Emily ne se savait pas poursuivie par un spectre… pourtant le fantôme de son passé, cette enfant souriante, cette fille toujours polie et joueuse, la suivait. Elle essayait de s'échapper, d'oublier parfois, d'affronter souvent, mais elle en ressortait toujours plus affaiblie. Cette gamine, qu'elle avait laissée derrière elle mais qui essayait inlassablement de revenir, la terrassait.

 

Elle et moi n'avions que deux ans d'écart. Il ne me revient de notre enfance que de bons souvenirs, tant nos esprits étaient tournés l'un vers l'autre. Je me souviens de nos danses endiablées, durant les fêtes ou autres. Mais la plus mémorable reste celle que nous avons réalisée au centre d'une rue, de nuit, à nous faire péter les poumons à force de chanter, de tourner et de rire. Il n'y avait aucun calcul et aucune limite à notre folie, chose qui ne fut plus le cas après la mort de papa.

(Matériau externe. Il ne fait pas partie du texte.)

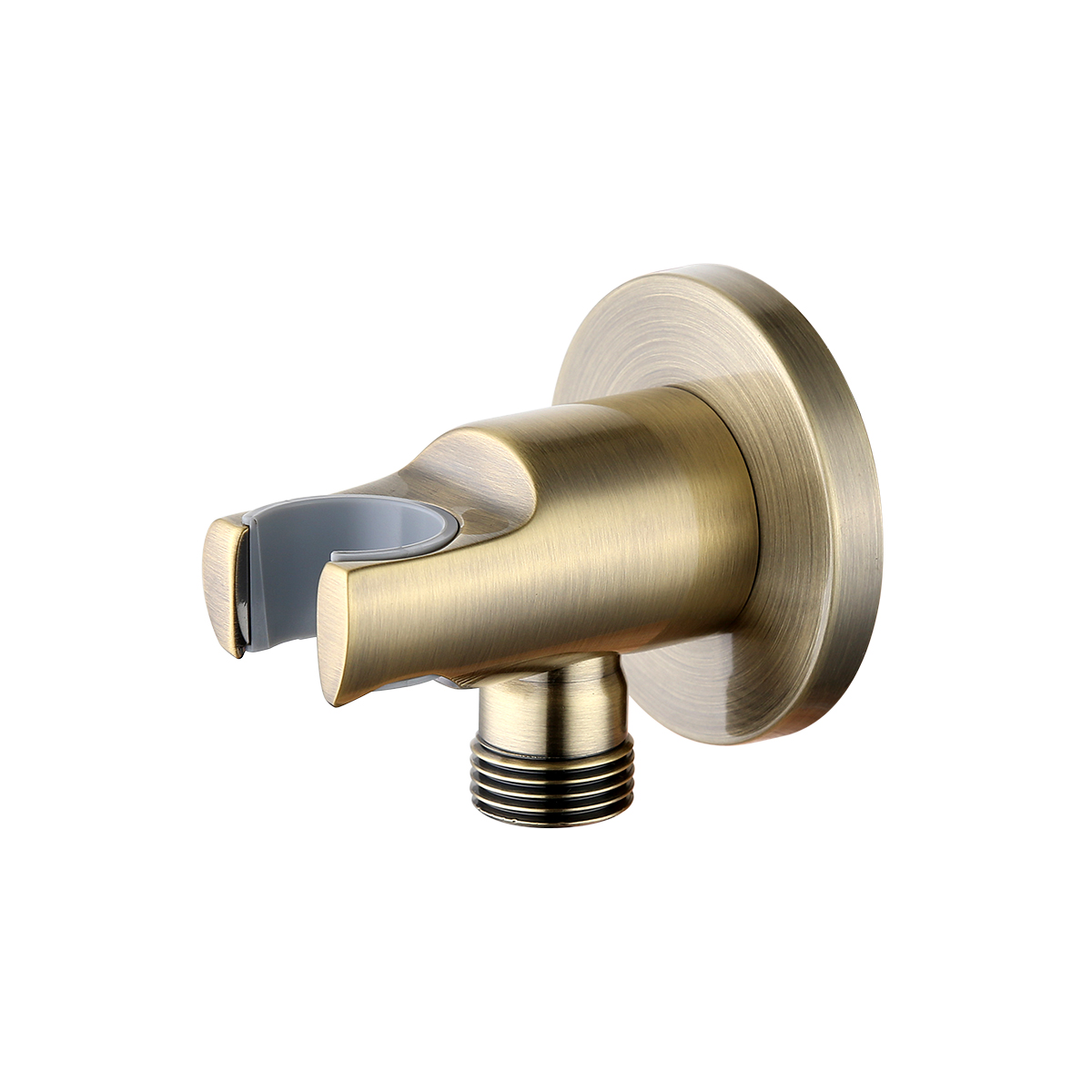 

Подключение для шланга LEMARK LM4885B, LM4885B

C'était sa dernière leçon, terrible et toute puissante : « il est des vies qui doivent se finir brutalement pour offrir la vision d'un avenir malade. » C'est cet avenir qu'il voulut nous montrer, afin que nous puissions en guérir – ou en crever ; après tout il nous avait laissé le choix.

 

J'étais trop certain de la réussite de ma vie : je l'avais préparée. J'avais sauté trois classes et je me destinais à la faculté. Mon année de terminale me permit de savoir que la philosophie serait ma voie, et la recherche son accomplissement. À la faculté, je décidais de suivre deux cursus : lettres modernes et philosophie, rendant possible en master, un mémoire interdisciplinaire. La même année, mon père se suicidait, annihilant mes certitudes.

 

Fanny a toujours été moins délurée que nous et ses projets se réduisaient à être mère – ce qu'elle a réussi – et aimée – ce que je ne pouvais vérifier. Emily avait l'espoir secret de me suivre, espoir qu'elle perdit lorsqu'elle passa du CE2 au CM1 avec quatorze de moyenne. Elle était intelligente mais n'atteignait pas mon niveau, que certains aimaient appeler « niveau d'excellence ».

Toutes ces échelles de valeur sont ridicules : l'intelligence ne signifie rien.